Comme elle n’est plus soumise aux distinctions de la subjectivité, une
simple proximité phonétique ou sémantique entre deux mots suffit à les
identifier (ce qui, en aucun cas, n’a le sens d’une métaphore). Les rêves
sont ainsi remplis de calembours, qui se subordonnent à leur symbolisation
métaphorique, métonymique et antiphrastique. Mais cette mise en forme
rhétorique n’est pas convergente comme dans le cas d’une œuvre d’art. Elle
n’obéit à aucune intention esthétique. Pourquoi le ferait-elle du reste ? Le
rêve n’est pas destiné à un autre mais au rêveur lui-même, et cette mise en
forme ne cherche pas à mettre à distance le rêveur de sa subjectivité puisque
cette distance est la condition même du sommeil.
Qu’en est-il maintenant de l’artiste iconique ? Ce n’est ni un individu
qui parvient à transformer la réalité ordinaire à l’image de ses rêves, à
savoir un grand homme ou une grande femme, ni un individu qui substitue à
la réalité ordinaire une nouvelle réalité à l’image de ses rêves, à savoir un
malade mental. L’artiste iconique travaille sur la réalité ordinaire sans
chercher à la modifier en tant que réalité, puisque sa déréalisation n’engage
qu’une matérialité sensible partielle (sonore ou visuelle, etc.) Et si l’œuvre
qu’il construit a valeur de nouveau monde, possédant un temps et un espace
propre 12, il ne tente pas de le substituer à la réalité ordinaire. Il en fait un
instrument de symbolisation de cette réalité.
L’art et le jeu
Plus généralement, l’artiste est un joueur. D’où sa parenté souvent
affirmée avec l’enfant. Ce n’est pas un hasard si la thèse de Paul Ziff selon
laquelle l’art serait indéfinissable se fonde sur la thèse de Wittgenstein selon
laquelle le jeu serait indéfinissable.
Or, il est tout à fait possible de définir la notion de jeu 13. Certes, les jeux
étant au moins aussi hétérogènes que les objets artistiques, leur multiplicité
ne se ramène pas à un point commun. Mais ils engagent tous une fonction
identique : jouer c’est effectuer une action non réelle, qui ne cherche ni à
transformer la réalité ordinaire, ni à s’y substituer totalement. Le jeu a
certes une réalité spatio-temporelle, mais celle-ci possède une autonomie
par rapport à la réalité ordinaire. L’existence de règles du jeu, qui est
contingente, n’est qu’un mode d’expression de cette autonomie.

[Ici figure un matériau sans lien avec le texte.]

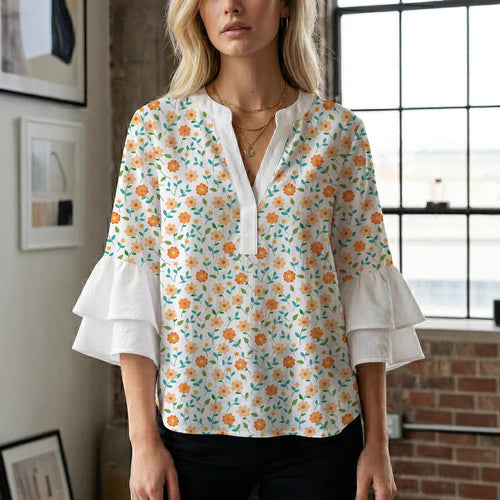 Dame bluse med voluminøse ærmer og kreativt trykdesign Skovae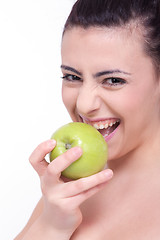 Image showing beautiful young brunette girl with a green apple 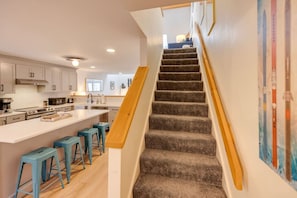 Eine moderne Küche mit einer zentralen Kochinsel, einer Treppe mit Holzhandläufen und Blick ins Wohnzimmer.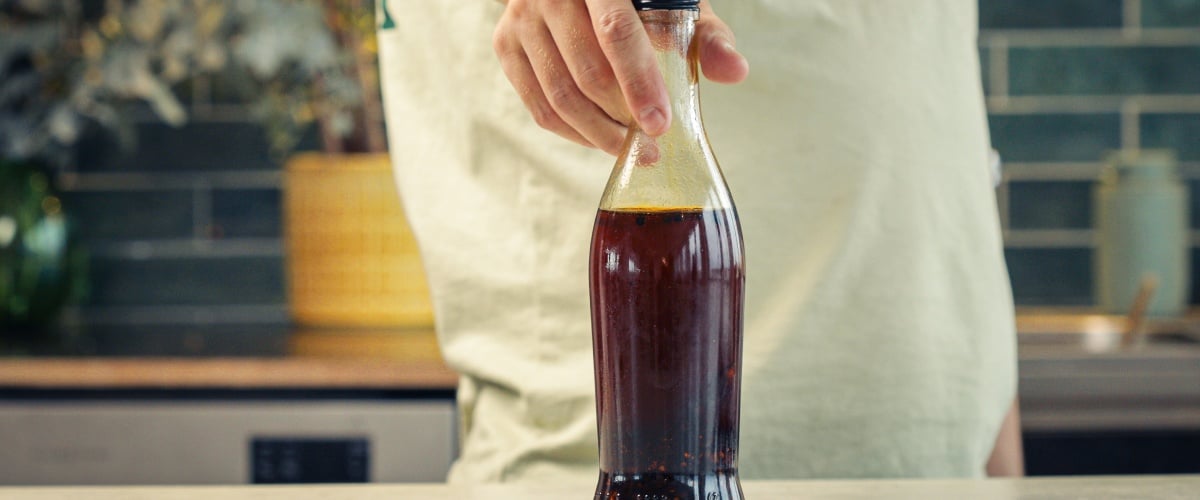 Paso 4: Conservar Correctamente el Aceite de Chile con Cannabis Botella de vidrio sellada llena de aceite de chile infusionado con cannabis almacenada en una cocina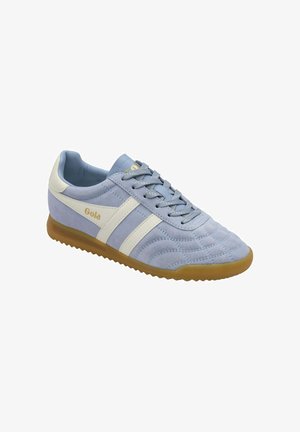 Light blue suede sneaker with white side stripes, gum sole, and "Gola" logo on the side and tongue, featuring laces and quilted toe design.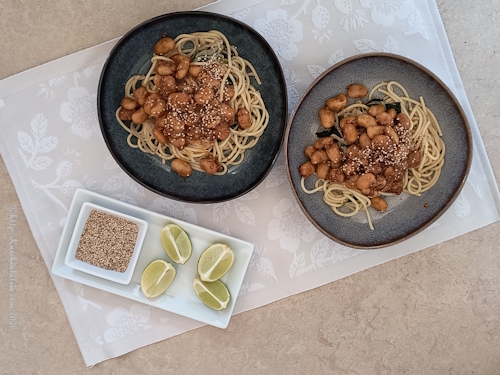 2 Teller Pasta mit karamellisierten Bohnen und Spinat, daneben 1  Schälchen gerösteter  Sesam und Limettenviertel auf Porzellan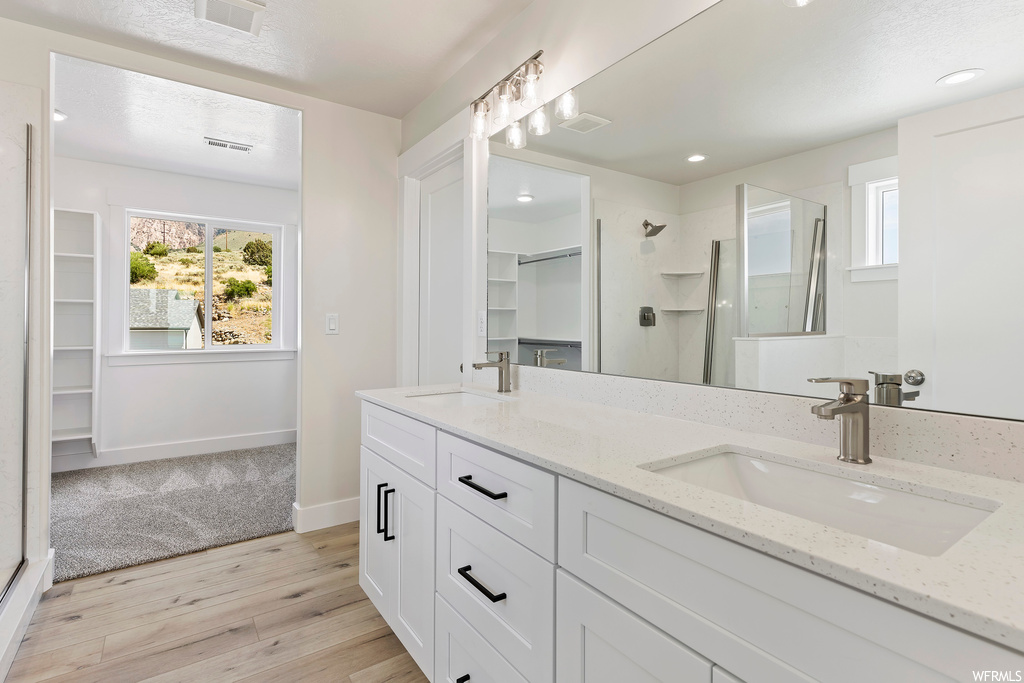 Bathroom with mirror, a shower with shower door, light hardwood floors, and dual large vanity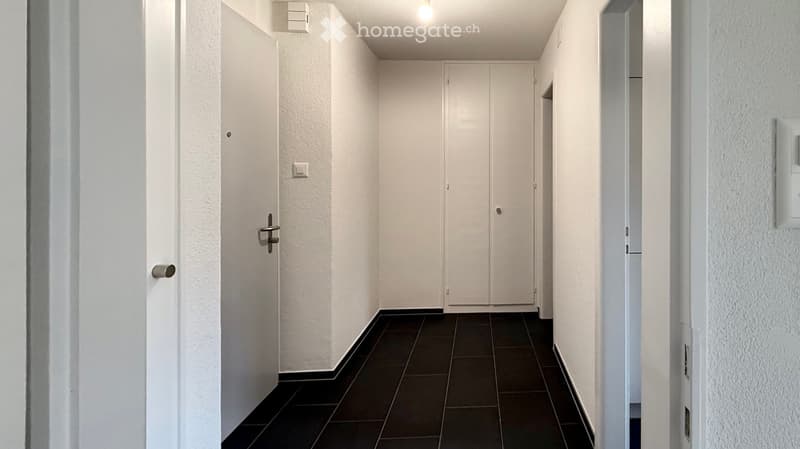 A narrow hallway with white walls, dark tiled floor, and closed white doors on both sides.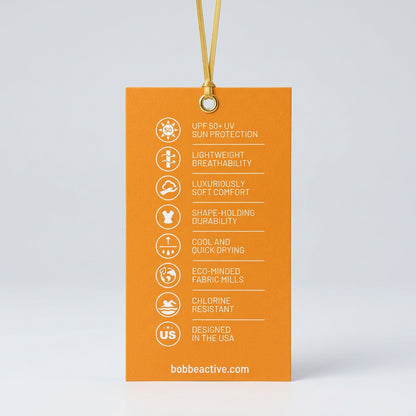 Bobbe performance fabric hangtag showing UPF 50+ and lightweight quick-drying features
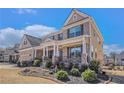 Beautiful home featuring manicured landscaping, covered porch and a two car garage at 2435 Portsmouth Ct, Marietta, GA 30064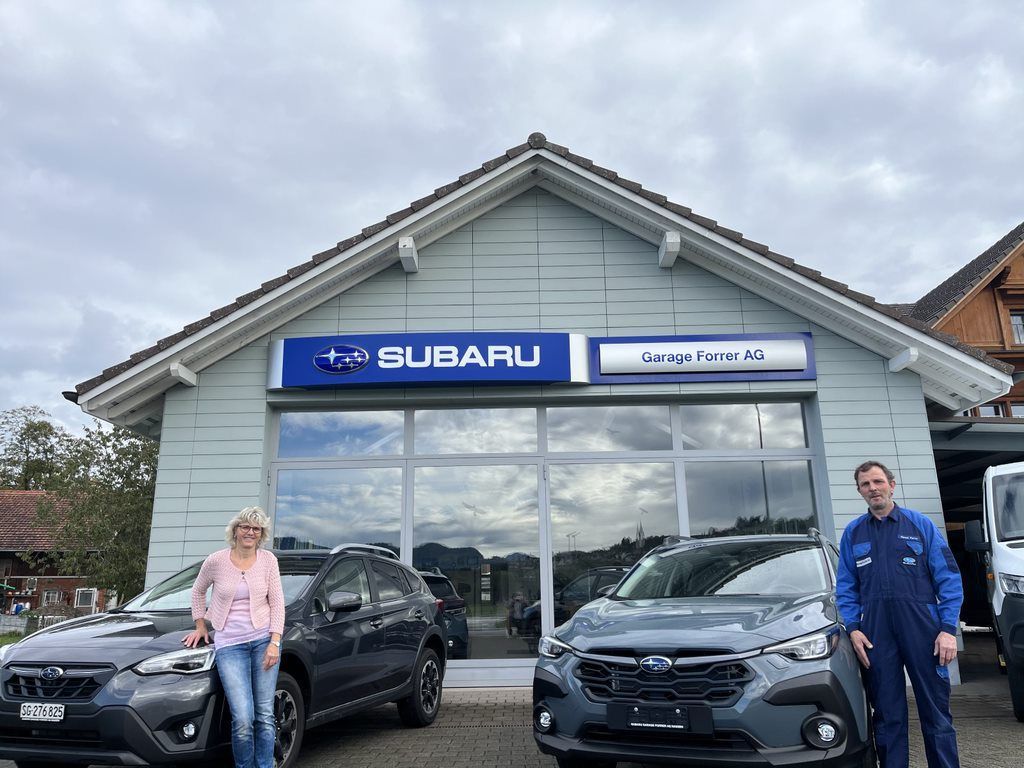 Ein Mann arbeitet in einer Garage an der Unterseite eines Autos.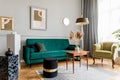 Stylish and luxury living room interior with elegant green velvet armchair, sofa, mock up poster and decoration. Royalty Free Stock Photo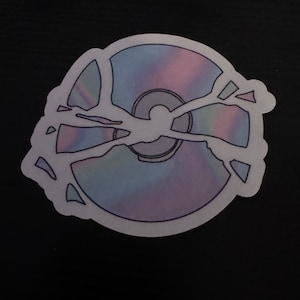 May include: A sticker of a broken compact disc with a holographic iridescent design.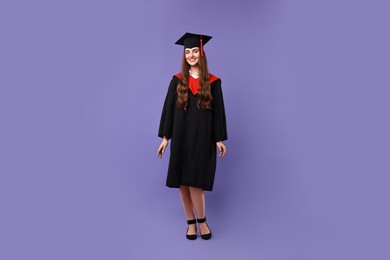 Photo of Happy student after graduation on violet background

Saisi dans sa seule dimension non réelle, le jeu est divertissement. Mais
cette non-réalité peut être le support d’une dimension iconique. Le jeu
symbolise alors la réalité selon les trois modes de façonnement iconique, la
métaphore, la métonymie et l’antiphrase. D’où son ancrage profond dans
l’inconscient, et la force extrême des émotions qu’il suscite, non seulement
chez les joueurs mais aussi chez les spectateurs. Le jeu engage un sérieux,
voire une violence et une cruauté, qui n’est pas du tout incompatible avec le
divertissement 14.
Toutefois, si l’artiste est un joueur, tout joueur n’est pas un artiste.
Considérons par exemple le cas d’un jeu qui est aussi un spectacle à la fois
divertissant et iconique : le football. L’intention principale des joueurs reste
interne au jeu : ils visent avant tout la victoire. Elle n’est pas esthétique 15, ni
a fortiori iconique. Alors que l’interprétation de l’acteur de théâtre ou du
pianiste, qui est également un jeu, a pour enjeu principal l’optimisation de
la dimension esthétique et iconique de l’œuvre 16.
Un vélo
Imaginons qu’un individu prénommé Marcel s’empare d’un vélo et
l’envoie à un musée d’art en disant : « c’est de l’art ». Dans l’hypothèse où
le conservateur accepte de l’exposer, le vélo fonctionnera effectivement
comme de l’art. Il pourra même procurer des émotions esthétiques chez
certains spectateurs comme peut le faire tout objet. Si ces émotions
esthétiques sont positives, il faudra célébrer le designer du vélo et non
Marcel ou le conservateur. Le jugement de Marcel, « c’est de l’art », ne
modifie en rien la matérialité de l’objet et n’a donc pas véritablement le
statut d’un travail artistique. Comme tout ready-made, le vélo exposé reste
un objet industriel non artistique et son statut n’est pas plus modifié que si
Marcel avait retiré un objet artistique d’un musée en disant « ce n’est pas de
l’art » et l’avait déposé dans une usine de montage de vélos.
Avant-propos
1. M. Heidegger, « L’origine de l’œuvre d’art », dans Chemins qui ne mènent nulle part,
Gallimard, 1986, p. 42.
2. K. Malevitch, « Ou mouzéïé », Iskousstvo Kommuny, no 12, janvier 1919, trad. dans
Malevitch, Écrits, éd. Andrei Nakov, Champ Libre, 1975, p. 233-236.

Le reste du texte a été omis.